The dirt and the sage crept up to the porch,
And the baby pines in the distance grew up to be quite large,
But me I stayed where I couldn’t be found
Till the earth trembled, and the mountain became a gorge.

The sirens blared,
And the townsfolk cried to the sky,
“Save us oh lord.”
The prophets trembled when they too were surprised.

The strangeness of nothing
The absence of sound
Was all around and around and around

We found that nothing could grow on our plot,
The 30-acre world we were so proud to have bought.
The night skies seemed cruel in summer,
With no rain clouds to bless our land under.

And all was the same until the day it all ended.
Grandpa was yelling something about sinners.
The day after it happened, our land turned to jungle.
A desert oasis sprung out of the fissure
That was created by the quake that split our pasture

I must have been sleepwalking,
When I found myself alone in the new forest
That sprung out of the fissure
That was created by the quake that split our pasture.

I wandered through the brush until I found a stream,
That I followed for hours to find my home.
I came to a hill, where I could see for miles
The desolate country once so green and mild.
Now nothing moved, and the landscape was flat
And the buildings I loathed were nowhere to be found.
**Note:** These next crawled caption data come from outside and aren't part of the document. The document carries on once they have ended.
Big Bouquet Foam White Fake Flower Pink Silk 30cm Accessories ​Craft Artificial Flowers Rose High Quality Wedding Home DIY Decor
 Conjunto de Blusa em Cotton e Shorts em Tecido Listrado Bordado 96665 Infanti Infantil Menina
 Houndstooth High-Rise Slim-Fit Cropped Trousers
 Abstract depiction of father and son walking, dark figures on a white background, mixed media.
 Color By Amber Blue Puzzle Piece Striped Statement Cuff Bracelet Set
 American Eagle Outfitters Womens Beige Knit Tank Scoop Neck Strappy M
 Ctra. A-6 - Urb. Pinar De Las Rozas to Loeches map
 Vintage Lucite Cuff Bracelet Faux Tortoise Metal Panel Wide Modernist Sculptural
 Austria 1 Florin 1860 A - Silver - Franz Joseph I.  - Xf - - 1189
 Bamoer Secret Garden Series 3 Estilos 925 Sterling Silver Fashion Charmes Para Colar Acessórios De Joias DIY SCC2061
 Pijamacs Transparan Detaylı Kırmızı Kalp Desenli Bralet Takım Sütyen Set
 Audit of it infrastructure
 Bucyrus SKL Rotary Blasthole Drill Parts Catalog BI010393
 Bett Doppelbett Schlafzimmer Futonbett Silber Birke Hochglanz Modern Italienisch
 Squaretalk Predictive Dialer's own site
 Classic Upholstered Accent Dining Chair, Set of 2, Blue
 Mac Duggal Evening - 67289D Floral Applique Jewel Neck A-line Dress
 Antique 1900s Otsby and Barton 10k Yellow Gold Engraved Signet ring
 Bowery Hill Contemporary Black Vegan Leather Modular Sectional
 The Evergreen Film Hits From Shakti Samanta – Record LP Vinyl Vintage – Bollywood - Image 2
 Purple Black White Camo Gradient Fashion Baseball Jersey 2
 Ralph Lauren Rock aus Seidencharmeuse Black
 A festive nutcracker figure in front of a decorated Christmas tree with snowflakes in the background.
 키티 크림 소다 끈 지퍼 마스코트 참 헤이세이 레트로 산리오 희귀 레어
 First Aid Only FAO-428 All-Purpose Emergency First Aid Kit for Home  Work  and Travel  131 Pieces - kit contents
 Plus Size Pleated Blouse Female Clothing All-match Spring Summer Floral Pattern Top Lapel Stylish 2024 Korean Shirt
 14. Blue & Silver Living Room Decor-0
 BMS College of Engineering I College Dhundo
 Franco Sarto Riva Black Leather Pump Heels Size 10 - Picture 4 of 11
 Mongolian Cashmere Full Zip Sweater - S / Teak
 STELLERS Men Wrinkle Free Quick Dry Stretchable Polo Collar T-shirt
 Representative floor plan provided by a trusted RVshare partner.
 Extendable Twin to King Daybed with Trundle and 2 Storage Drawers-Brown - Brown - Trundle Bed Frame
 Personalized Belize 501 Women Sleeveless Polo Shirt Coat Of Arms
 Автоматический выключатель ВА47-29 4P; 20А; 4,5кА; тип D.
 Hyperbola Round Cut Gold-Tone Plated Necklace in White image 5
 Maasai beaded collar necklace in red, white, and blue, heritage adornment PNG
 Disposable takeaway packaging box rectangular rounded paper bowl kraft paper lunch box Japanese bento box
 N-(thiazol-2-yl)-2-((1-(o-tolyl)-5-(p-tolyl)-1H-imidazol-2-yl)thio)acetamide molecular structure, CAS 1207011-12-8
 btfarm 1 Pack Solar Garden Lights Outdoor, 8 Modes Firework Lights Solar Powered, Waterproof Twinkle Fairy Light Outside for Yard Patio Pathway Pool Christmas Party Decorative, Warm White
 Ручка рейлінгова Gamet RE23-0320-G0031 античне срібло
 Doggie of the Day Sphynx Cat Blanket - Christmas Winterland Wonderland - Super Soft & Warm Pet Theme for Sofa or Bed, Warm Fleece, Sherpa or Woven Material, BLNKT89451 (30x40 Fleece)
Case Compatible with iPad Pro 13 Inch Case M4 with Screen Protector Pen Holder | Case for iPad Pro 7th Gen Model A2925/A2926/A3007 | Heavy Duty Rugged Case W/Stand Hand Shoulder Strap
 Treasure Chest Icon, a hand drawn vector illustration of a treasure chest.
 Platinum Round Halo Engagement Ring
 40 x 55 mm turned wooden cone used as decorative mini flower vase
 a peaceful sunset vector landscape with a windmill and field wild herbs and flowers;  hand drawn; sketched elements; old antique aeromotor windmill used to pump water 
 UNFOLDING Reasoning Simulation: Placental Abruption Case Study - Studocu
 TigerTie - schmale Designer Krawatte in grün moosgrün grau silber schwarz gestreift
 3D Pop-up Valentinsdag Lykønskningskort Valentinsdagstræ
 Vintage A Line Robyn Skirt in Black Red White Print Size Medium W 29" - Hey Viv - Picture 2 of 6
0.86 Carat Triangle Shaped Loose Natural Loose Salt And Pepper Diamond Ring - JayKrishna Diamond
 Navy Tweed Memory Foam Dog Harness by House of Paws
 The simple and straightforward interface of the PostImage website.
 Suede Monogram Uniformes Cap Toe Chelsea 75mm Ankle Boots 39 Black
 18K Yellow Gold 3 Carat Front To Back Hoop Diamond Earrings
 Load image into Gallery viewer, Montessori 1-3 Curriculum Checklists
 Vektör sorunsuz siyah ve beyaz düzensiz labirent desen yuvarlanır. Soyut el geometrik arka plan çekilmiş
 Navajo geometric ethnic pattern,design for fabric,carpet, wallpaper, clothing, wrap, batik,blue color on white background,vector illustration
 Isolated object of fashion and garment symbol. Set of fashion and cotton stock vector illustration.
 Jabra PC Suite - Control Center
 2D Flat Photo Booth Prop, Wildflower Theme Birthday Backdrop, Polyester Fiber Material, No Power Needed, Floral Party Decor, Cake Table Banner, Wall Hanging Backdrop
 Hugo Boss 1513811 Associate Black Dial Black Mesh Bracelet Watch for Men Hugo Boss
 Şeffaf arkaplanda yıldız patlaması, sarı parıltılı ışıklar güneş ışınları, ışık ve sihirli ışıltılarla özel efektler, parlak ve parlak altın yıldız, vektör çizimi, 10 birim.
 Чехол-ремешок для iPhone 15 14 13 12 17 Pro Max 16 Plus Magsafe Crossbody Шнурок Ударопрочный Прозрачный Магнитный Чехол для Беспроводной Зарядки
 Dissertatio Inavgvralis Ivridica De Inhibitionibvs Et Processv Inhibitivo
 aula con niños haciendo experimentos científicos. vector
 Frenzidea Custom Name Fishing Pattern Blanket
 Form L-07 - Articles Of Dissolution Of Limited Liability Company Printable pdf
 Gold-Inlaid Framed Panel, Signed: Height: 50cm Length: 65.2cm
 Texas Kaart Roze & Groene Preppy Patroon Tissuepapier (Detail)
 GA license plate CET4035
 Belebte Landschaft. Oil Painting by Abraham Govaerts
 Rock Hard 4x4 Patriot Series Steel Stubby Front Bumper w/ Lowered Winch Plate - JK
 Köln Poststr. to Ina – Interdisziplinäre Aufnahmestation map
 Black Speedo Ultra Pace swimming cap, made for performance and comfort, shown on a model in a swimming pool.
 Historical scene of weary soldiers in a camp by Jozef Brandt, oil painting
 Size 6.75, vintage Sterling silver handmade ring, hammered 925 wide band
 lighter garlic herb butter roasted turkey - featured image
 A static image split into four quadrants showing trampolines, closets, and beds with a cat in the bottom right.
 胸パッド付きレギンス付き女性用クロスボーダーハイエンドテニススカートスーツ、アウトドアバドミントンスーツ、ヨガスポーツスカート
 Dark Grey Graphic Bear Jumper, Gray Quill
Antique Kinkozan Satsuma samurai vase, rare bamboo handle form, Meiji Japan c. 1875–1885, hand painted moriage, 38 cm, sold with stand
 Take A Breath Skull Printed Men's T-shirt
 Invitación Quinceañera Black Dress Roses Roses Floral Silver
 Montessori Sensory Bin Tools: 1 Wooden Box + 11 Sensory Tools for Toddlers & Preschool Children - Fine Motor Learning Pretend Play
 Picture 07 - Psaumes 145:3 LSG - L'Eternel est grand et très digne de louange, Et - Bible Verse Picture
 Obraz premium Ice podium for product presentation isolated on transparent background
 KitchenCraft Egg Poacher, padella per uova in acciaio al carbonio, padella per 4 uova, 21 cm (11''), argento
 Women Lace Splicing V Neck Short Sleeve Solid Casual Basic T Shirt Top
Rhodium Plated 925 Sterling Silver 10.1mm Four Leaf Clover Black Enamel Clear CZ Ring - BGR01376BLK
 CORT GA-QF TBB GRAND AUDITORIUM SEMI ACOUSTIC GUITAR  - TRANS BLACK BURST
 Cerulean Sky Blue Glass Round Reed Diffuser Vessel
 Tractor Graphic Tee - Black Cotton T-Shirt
So I made it my wish to explore these new wonders,
And made my way down to where the mountains had tumbled.
The ditches where streams once flowed to the ocean
Were empty and dry and devoid of any motion.

So I followed the washes for miles and days.
To the end of the world as the stories would say.
The oceans were dry, that once were wet.
Then the cliff I was on, crumbled and fell
I knew that the fall would be to my death.

1 comment:

Unknown said...

great writing, your a natural Blake.